き漁礁を作って魚が取れる場所を作っている

長島は地域的に恵まれているというか、川があって離れ小島『大島』があって、その先にも一つ『佐婆留島』という離れ小島があります。
そこは岩礁で『瀬』になっているため、地形的には恵まれています。
そこに人工的な漁礁である『浮き魚礁』を作って設置しています。
行くあてのない漁に行くよりも、浮き魚礁でカツオやシイラなどを集めて利用することで、高齢化が進んでもそこにいけば何かの魚が獲れるアテになる場所を作ろうと。
作って5年目になりますが、かなり今年はかなり成果がありました。
竹とヒノキの葉っぱ・・・最初に間伐材で作ったものも成果はありましたが、今度は竹でやってみようと、間伐材とヒノキと竹を組み合わせて作ってみました。
それが良かったのがどうかわかりませんが、今年はかなり良かったですね。
4年目5年目となり、自分たちでもだんだんと作る工夫をしてきて、かなり成果が出たと思います。
小さな石鯛や、私たちが『ウケ』と呼んでいる『オキサワラ』、カツオ、シイラ、カンパチの子どものシオ・・・いろいろな魚が集まってきます。
魚の習性を利用して、どうにか魚をそこに寄せて、行くアテを作りました。

 

き漁礁は徐々に成果を上げている。

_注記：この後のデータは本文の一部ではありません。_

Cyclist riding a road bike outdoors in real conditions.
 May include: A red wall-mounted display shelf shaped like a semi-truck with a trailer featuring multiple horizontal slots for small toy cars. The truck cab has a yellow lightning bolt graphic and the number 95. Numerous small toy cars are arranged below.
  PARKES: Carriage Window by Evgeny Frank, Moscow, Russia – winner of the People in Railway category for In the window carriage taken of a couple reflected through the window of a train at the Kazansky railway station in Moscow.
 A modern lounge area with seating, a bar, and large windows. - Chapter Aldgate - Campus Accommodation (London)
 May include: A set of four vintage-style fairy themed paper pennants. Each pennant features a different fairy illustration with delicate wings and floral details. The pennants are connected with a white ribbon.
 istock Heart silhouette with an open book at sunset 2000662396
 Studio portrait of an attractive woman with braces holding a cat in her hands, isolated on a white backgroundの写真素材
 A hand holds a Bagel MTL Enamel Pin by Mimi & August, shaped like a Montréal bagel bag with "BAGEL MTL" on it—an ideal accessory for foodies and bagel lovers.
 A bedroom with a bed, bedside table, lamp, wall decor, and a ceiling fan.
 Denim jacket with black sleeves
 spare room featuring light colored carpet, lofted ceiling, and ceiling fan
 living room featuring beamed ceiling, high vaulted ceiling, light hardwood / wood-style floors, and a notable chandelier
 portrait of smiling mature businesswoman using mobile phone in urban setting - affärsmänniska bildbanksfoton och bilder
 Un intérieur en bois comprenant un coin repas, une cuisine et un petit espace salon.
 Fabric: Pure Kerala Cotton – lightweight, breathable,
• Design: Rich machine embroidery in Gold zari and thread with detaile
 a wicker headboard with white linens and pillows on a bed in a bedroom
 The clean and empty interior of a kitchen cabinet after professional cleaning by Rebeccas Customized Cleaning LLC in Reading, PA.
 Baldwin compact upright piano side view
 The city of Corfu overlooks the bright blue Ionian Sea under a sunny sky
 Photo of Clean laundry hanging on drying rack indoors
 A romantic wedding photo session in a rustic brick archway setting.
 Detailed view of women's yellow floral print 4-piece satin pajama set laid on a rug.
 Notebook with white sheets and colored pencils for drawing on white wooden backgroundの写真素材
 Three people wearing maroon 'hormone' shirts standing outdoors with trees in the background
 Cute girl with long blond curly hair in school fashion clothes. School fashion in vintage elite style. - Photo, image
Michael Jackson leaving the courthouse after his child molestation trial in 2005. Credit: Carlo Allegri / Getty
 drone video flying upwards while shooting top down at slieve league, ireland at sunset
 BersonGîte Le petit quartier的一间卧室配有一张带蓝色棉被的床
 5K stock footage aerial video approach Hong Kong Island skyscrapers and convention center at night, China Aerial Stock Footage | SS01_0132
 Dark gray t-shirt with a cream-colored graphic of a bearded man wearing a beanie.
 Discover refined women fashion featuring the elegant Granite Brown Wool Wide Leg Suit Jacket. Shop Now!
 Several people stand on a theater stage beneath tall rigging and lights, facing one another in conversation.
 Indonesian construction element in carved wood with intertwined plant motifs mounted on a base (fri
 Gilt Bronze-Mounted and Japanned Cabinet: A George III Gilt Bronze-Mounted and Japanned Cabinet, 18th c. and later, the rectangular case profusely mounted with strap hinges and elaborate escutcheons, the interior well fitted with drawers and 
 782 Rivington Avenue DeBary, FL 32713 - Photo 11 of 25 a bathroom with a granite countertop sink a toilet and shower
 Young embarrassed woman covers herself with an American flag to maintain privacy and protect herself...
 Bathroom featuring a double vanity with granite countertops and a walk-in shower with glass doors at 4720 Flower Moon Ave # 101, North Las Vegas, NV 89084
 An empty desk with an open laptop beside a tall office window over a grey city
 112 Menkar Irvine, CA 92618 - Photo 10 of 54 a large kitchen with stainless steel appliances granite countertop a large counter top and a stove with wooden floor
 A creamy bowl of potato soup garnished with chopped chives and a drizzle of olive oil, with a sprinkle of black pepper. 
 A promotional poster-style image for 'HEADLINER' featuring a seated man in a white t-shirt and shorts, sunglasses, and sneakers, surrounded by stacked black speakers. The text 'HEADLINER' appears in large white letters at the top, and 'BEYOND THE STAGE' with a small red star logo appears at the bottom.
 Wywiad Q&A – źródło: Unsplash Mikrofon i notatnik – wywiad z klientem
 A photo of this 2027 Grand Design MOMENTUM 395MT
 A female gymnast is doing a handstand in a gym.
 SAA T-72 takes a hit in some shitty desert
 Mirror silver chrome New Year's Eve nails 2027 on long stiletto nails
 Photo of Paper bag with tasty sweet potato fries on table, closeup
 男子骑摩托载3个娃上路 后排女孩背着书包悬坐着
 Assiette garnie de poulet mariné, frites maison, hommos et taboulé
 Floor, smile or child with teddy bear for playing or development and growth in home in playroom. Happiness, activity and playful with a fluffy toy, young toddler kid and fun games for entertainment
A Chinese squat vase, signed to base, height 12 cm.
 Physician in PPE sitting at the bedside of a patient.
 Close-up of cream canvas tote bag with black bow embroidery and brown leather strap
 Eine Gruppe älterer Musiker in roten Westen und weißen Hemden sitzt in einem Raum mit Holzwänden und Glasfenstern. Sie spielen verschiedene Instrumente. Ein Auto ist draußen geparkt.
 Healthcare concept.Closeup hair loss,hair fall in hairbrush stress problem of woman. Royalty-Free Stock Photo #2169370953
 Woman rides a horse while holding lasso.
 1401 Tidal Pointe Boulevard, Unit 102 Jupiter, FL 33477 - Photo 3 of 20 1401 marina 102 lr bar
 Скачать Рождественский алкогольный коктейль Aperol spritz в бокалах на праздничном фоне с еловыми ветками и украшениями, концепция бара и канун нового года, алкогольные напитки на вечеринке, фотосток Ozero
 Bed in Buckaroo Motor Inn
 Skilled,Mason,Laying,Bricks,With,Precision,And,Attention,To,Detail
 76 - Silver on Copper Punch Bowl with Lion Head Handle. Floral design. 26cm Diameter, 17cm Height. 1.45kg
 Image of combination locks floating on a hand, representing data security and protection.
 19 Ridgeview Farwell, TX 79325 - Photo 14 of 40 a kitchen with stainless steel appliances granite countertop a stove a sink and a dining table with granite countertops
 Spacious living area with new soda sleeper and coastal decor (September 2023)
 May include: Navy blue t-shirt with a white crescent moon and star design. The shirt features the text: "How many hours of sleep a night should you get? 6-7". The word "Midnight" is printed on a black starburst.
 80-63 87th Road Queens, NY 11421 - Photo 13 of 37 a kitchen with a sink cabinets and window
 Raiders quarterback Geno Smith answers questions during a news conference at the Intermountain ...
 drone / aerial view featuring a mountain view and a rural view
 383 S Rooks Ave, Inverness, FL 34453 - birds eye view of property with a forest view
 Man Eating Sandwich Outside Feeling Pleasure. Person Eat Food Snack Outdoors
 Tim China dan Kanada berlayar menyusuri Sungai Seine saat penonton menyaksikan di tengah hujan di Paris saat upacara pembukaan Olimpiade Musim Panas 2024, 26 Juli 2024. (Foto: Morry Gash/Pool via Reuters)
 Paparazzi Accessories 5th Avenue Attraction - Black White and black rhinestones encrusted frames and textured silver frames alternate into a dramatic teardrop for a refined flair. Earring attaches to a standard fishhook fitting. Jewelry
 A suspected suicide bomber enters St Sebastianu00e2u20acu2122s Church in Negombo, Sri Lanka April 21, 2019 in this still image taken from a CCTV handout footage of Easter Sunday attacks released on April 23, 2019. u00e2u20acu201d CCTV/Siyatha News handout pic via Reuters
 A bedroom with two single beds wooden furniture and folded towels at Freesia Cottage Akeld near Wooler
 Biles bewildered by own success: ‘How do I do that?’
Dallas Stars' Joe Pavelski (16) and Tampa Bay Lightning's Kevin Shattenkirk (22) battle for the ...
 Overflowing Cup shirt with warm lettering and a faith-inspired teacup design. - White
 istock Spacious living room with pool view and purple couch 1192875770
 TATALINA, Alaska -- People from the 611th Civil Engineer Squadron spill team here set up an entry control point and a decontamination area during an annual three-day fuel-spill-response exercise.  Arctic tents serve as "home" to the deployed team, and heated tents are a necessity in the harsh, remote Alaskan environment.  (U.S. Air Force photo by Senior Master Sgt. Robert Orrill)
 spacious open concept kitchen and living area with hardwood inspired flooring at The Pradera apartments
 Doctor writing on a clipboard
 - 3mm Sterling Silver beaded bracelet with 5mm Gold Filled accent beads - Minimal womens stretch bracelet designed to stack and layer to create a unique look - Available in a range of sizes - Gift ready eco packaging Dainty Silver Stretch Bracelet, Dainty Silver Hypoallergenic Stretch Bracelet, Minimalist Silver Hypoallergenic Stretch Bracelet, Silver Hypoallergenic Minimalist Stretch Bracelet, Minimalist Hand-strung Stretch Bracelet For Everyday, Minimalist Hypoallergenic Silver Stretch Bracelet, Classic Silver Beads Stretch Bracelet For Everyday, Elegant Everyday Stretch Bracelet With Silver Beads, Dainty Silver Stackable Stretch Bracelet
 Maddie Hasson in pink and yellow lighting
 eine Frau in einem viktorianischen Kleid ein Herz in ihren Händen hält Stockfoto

高齢者たちから色々なことを教わっている

みんなでやって成果が出れば、みんなで行けるような場所を作ろうという感じで、据え付ける場所にもよりますが、行ける距離の場所で作ります。
一人ではなかなかできることではないし、県や町の人にも協力してもらって・・・あんまりそんなに気を使わずに、安上がりなものでどうにか成果を出せたらとはじめたことですが、ようやく少し、兆しが見えてきた感じがしますね。
来年再来年と続ければ、また増えてくるかもしれないし。
今はまだ1基しか付けていませんが2基3基とやれば、さらに成果が出るのではないかな。
高齢化はしていますが作り方や工夫したのはやっぱり、お年寄りの知恵が大切。
それを聞いて参考にして、若い子が作って。
どんどん継承して、これからも作っていきたいと思います。
浮魚礁だけでなく、もう7〜8年になりますが、アオリの産卵床も作ってみたりしています。
はじめは失敗しました。
藤棚やぶどう棚のような形にならないと卵が付かないんですよ。
その形をどうにか作れるようになってから、全部に付くようになりました。
これも毎年やっています。

浮魚礁も、朝起きて「今日は何が獲れているかな」と、行く場所を作るために作ったものなので、ゆくゆくはこれも遊びに使うというか。
簡単に行って簡単に釣れるとなったら、人も集まってくるだろうし、魚が釣れなくても、魚の一匹でも買っていってもらえたらなあと・・・まあ、考えています。